Sea Survival is a blast, the pilot one is a week long since we do the single man and parachute stuff as well as the multi man rafts. SERE is a week as well, I think for everybody, it's pretty fun too. The winter is the best time to do that, no bugs but super cold, so pick your poison. 

Cheers


----------



## aesop081 (27 Oct 2004)

Right now my poison is " Pilot, Radar...are you ready for a turn point breif ???"


----------



## Bograt (28 Oct 2004)

For those not briefed on the alphabet soup, OTU is?? (Operational Training Unit?) And HPMA(??) EW (electronic Wafare??) and SERE(??)

aesop081 - Your correct. I'll keep the wise arse zingers to myself until I have earned the right to dish em. Cheers.

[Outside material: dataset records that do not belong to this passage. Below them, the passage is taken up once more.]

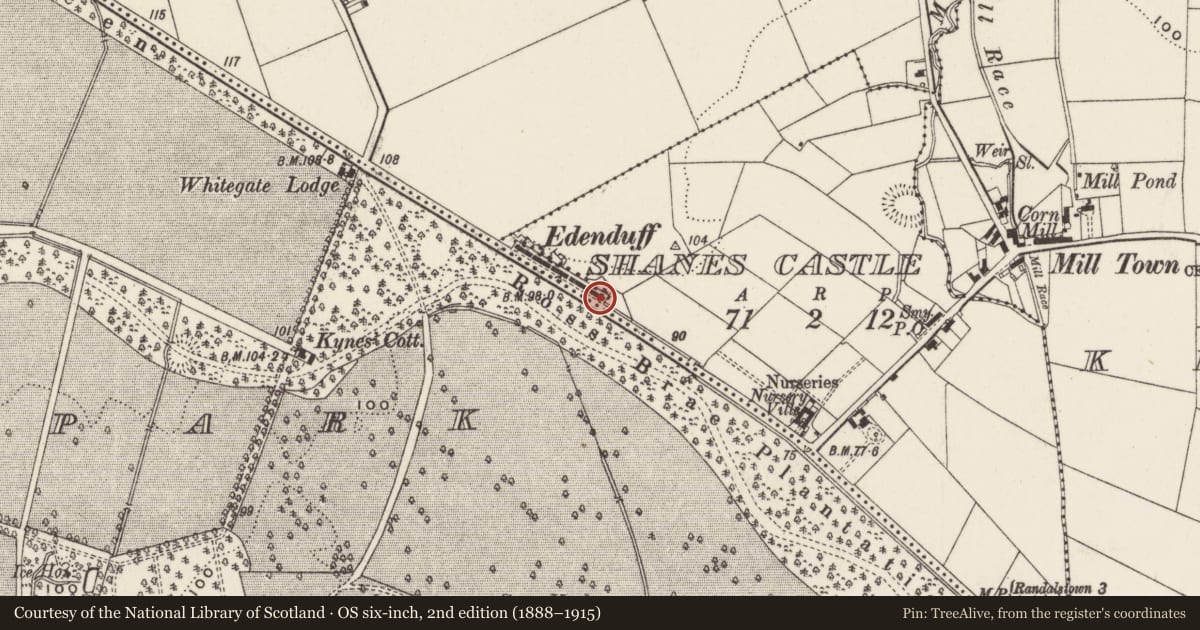 Ordnance Survey six-inch map, 2nd edition (1888–1915) covering the location of 20 Edenduff Terrace, Shane's Castle, Antrim and Newtownabbey, with a pin at the register's coordinates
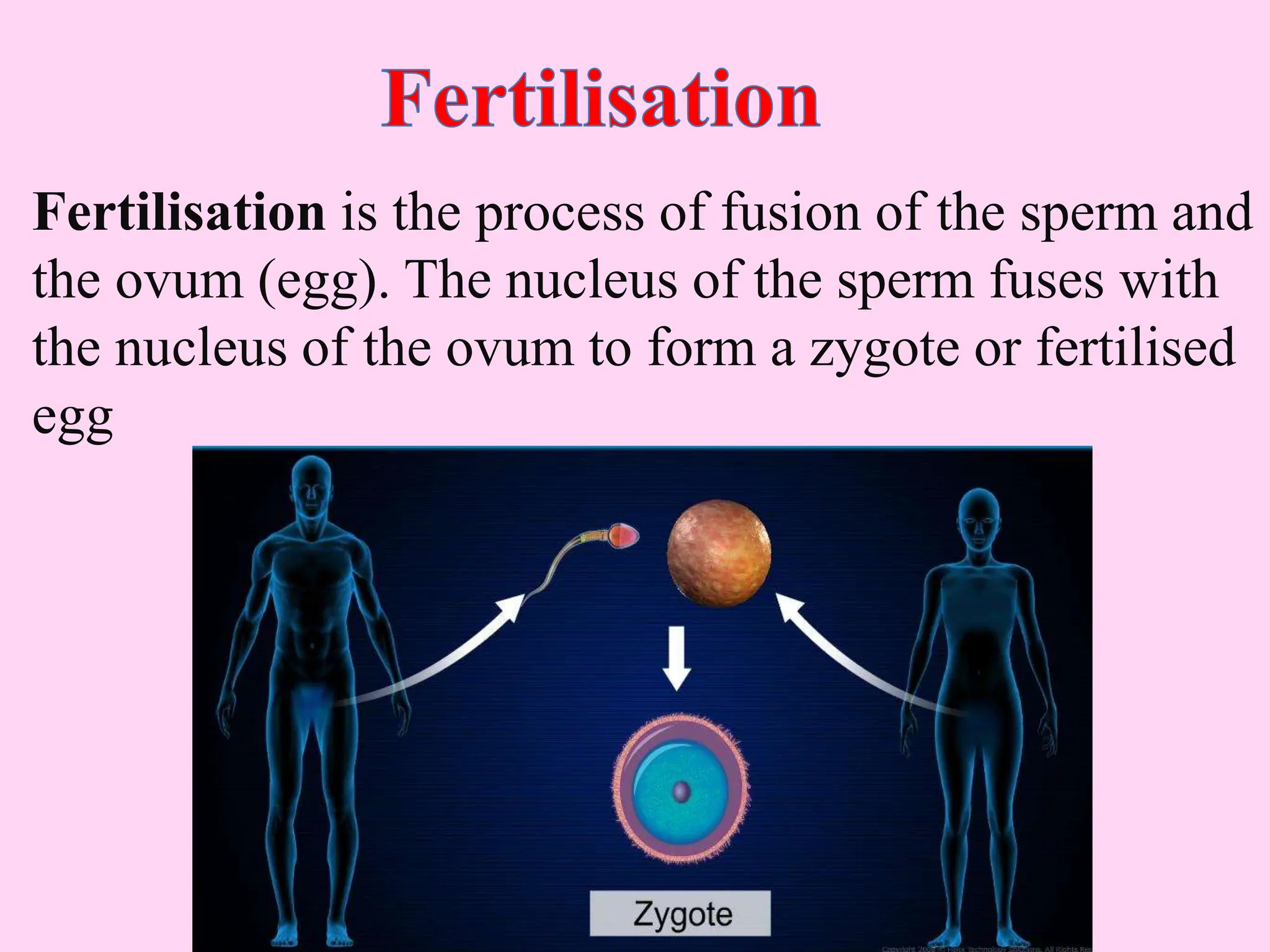 Fertilisation is the process of fusion of the sperm and
the ovum (egg). The nucleus of the sperm fuses with
the nucleus of the ovum to form a zygote or fertilised
egg
 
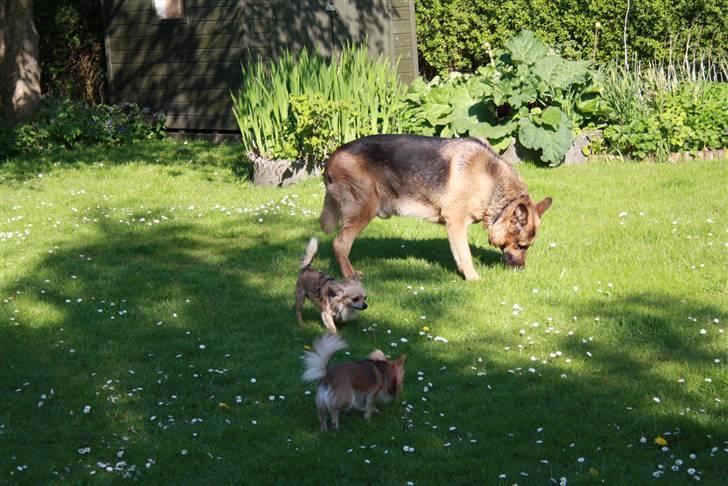 Simba 10 års fødselsdag  - simba
  nemo
  bailey billede 4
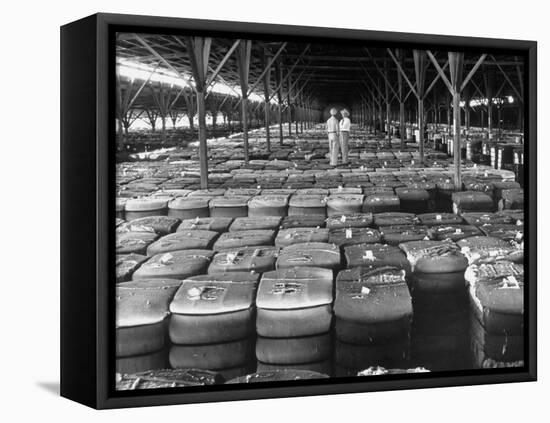 Archie Underwood and Another Man Standing on Top of Great Bales of Cotton in One of His Warehouses-Alfred Eisenstaedt-Framed Stretched Canvas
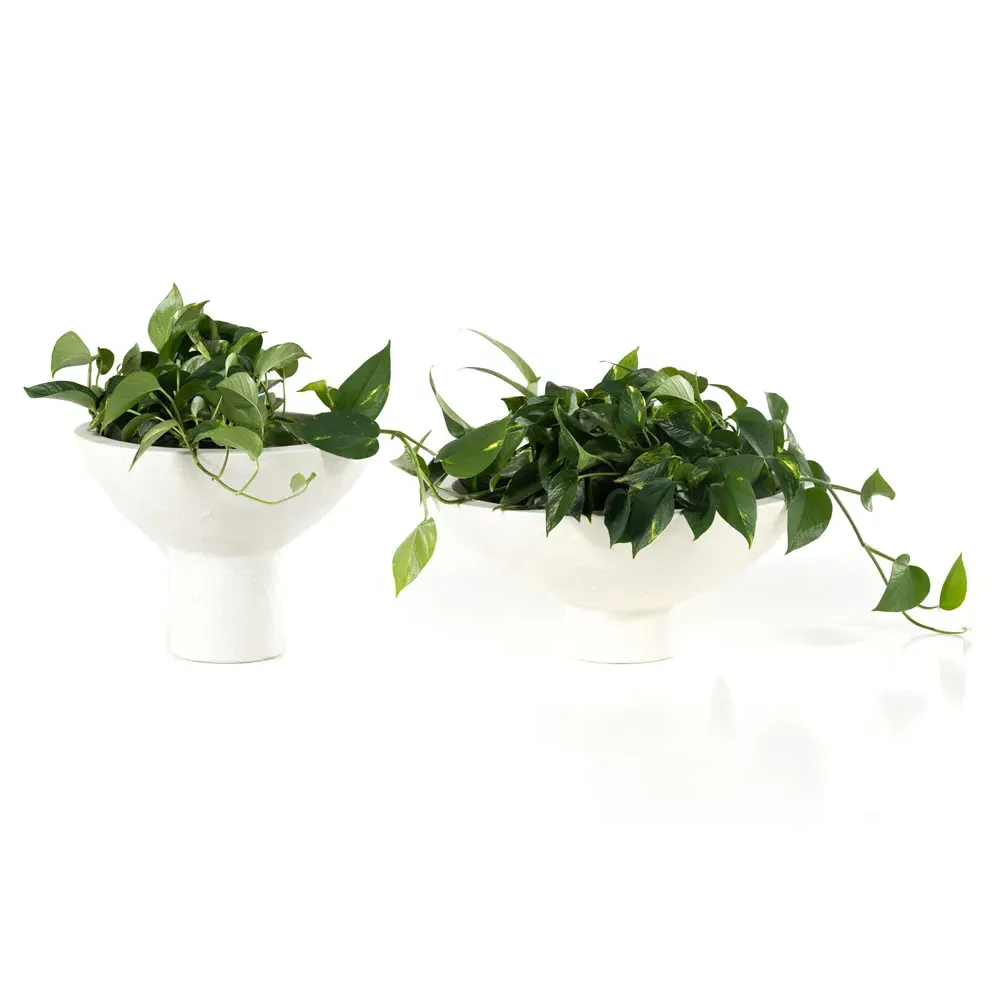 Parrey Outdoor Pot Planter Set - White, Concrete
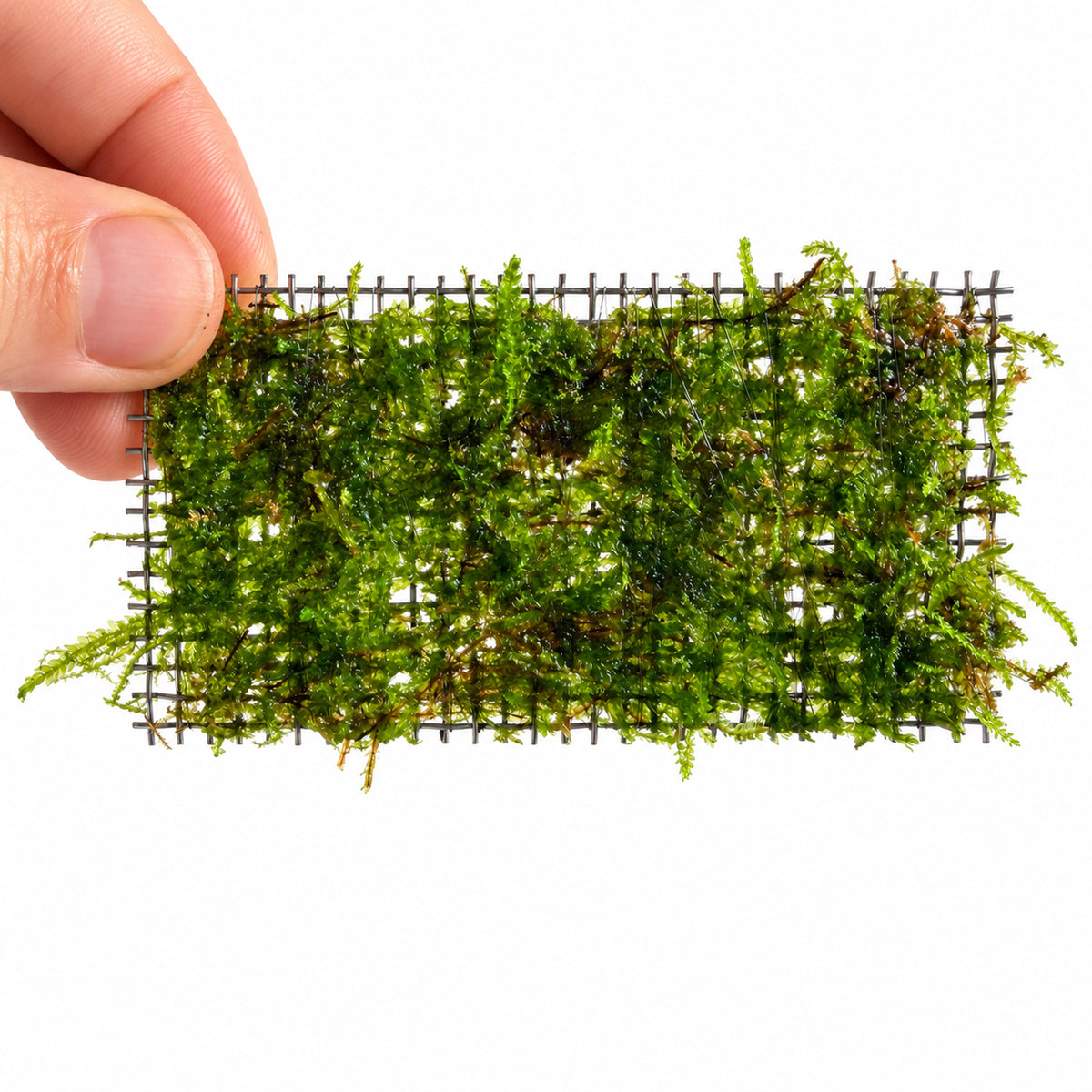 Medium Java Moss Scapers Pad held in hand for scale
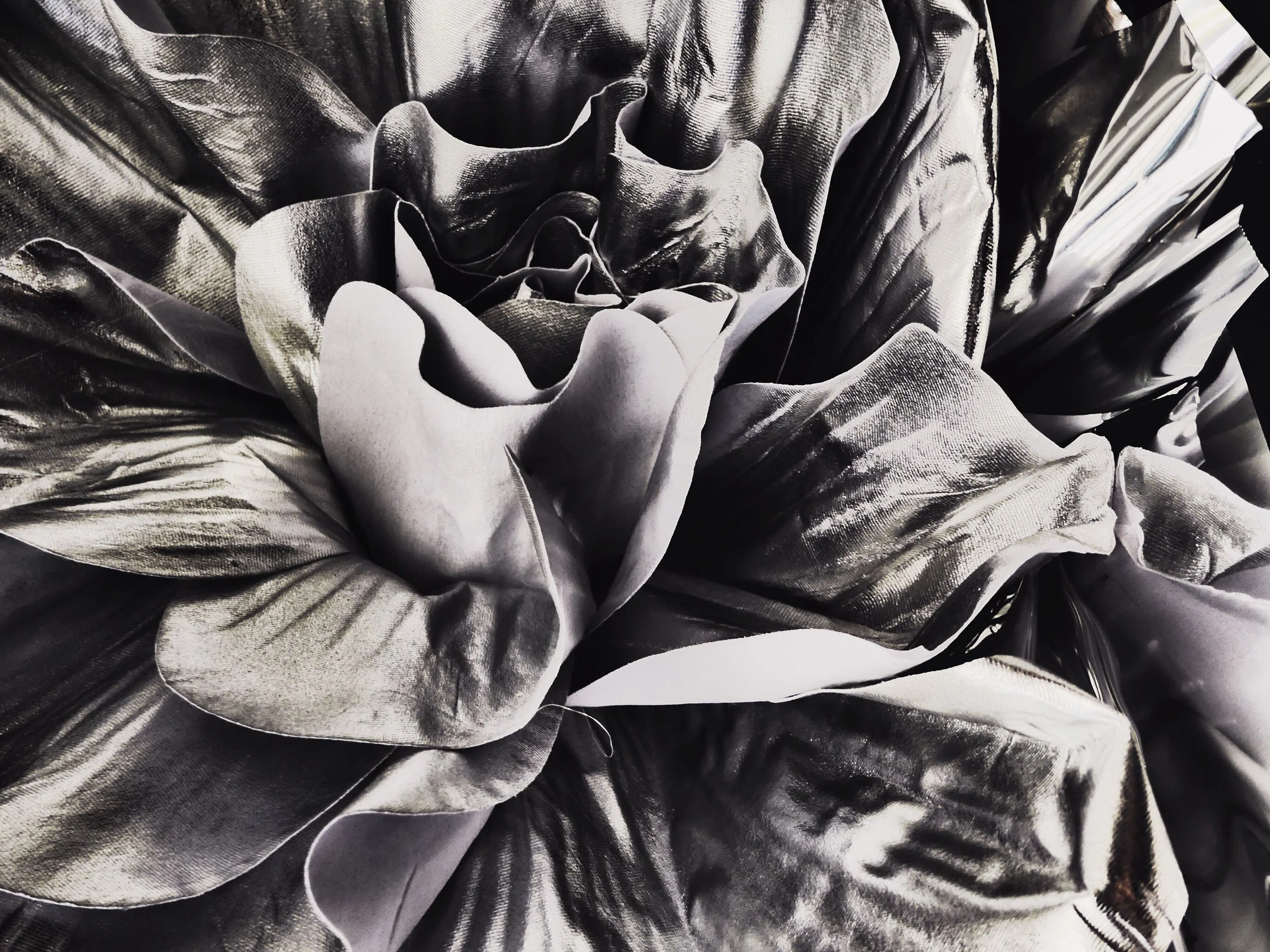 floral 19.jpeg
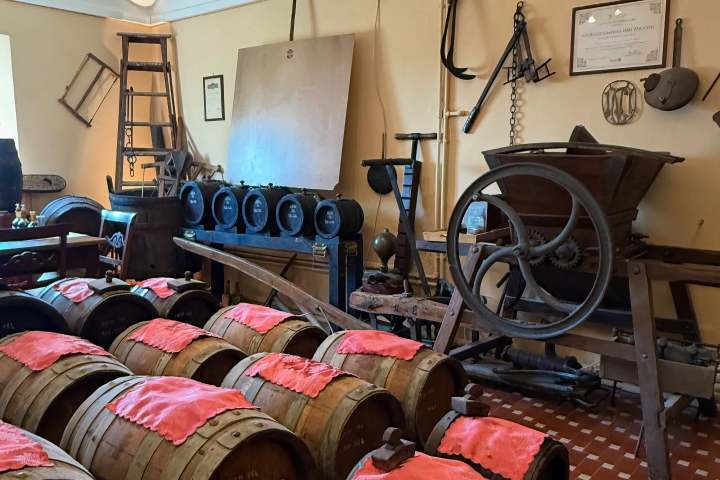 Modena Balsamic Vinegar Visit & Light Tasting Experience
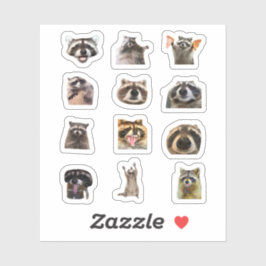 Raccoon Meme Funny Sticker Set Bundle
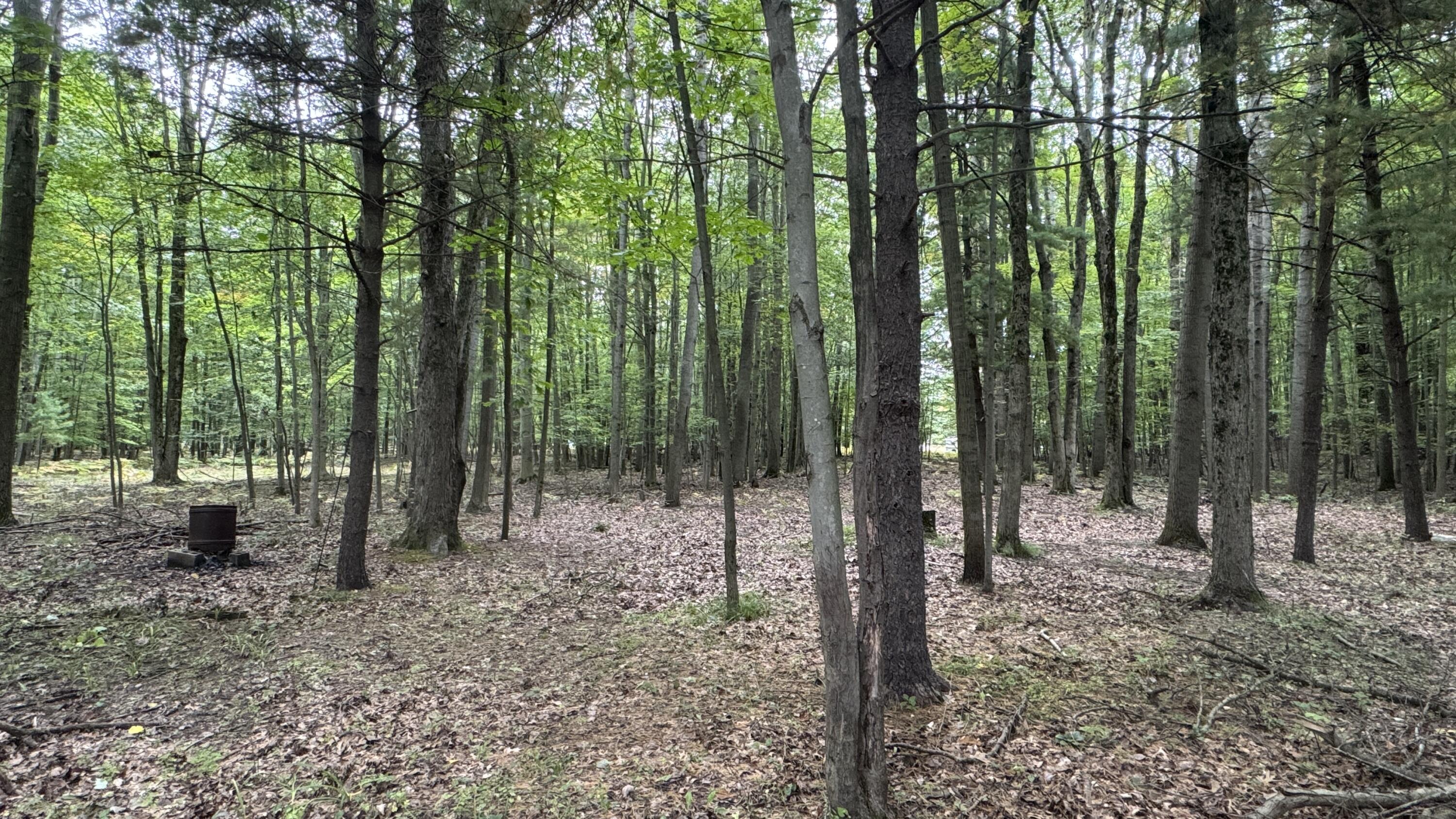 2404 Bialik Road Manistee, MI 49660 - Photo 19 of 20 19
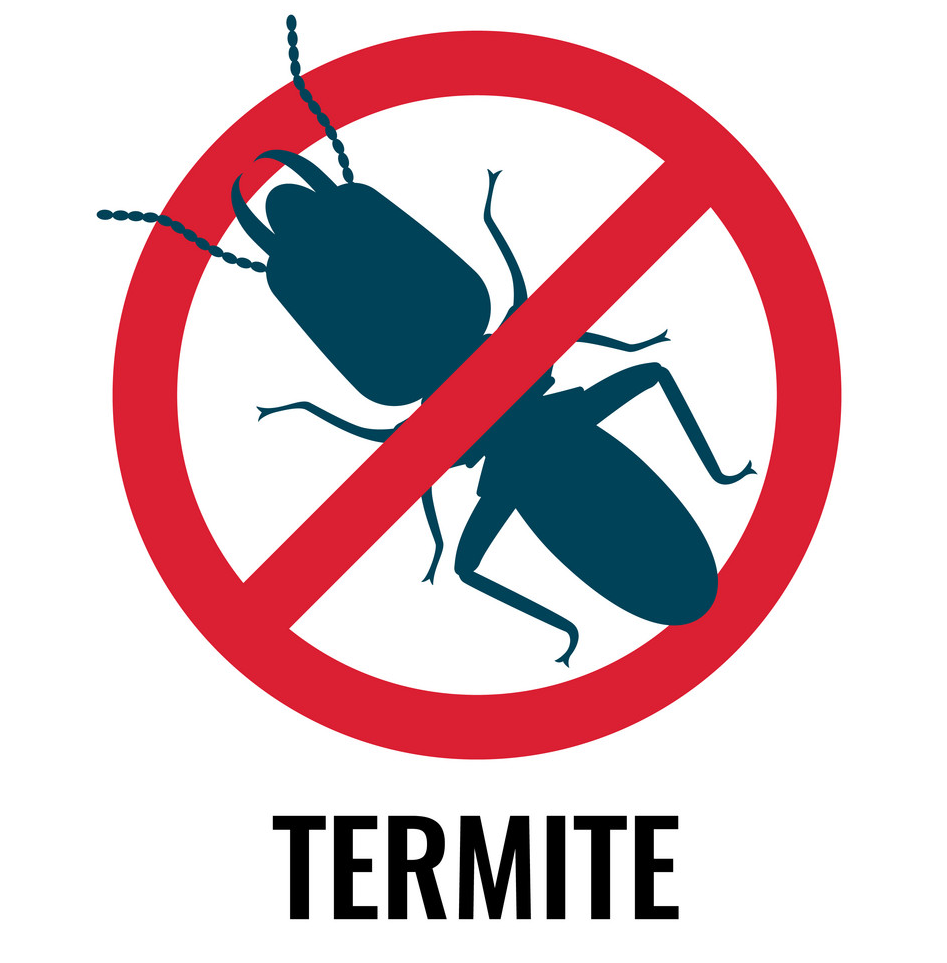 Chandigarh Pest Control Best Pest Control Services in Chandigarh Tricity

The Greatest Lies in Aviation

Pardon me, ma'am, I seem to have lost my jet keys. 
I have no interest in flying for the airlines. 
I fixed it right the first time, it must have failed for other reasons. 
All that turbulence spoiled my landing. 
I only need glasses for reading. 
I broke out right at minimums. 
The weather is gonna be alright; it's clearing to VFR. 
Don't worry about the weight and balance -- it'll fly. 
If we get a little lower I think we'll see the lights. 
I'm 22, got 6000 hours, a four year degree and 3000 hours in an F-16. 
We shipped the part yesterday. 
I'd love to have a woman WSO. 
All you have to do is follow the book. 
This plane outperforms the book by 20 percent. 
We in the military aviation are overpaid, underworked and well respected. 
Oh sure, no problem, I've got over 2000 hours in that aircraft. 
I have 5000 hours total time, 3200 are actual instrument. 
No need to look that up, I've got it all memorized. 
Sure I can fly it -- it has wings, doesn't it? 
Your plane will be ready by 2 o'clock. 
We fly every day -- we don't need recurrent training. 
It just came out of annual -- how could anything be wrong? 
I thought YOU took care of that. 
I've got the field in sight. 
Of course I know where we are. 
I'm SURE the gear was down.


----------



## aesop081 (28 Oct 2004)

Bograt,

No problems.  How far along the pilot pipeline are you ?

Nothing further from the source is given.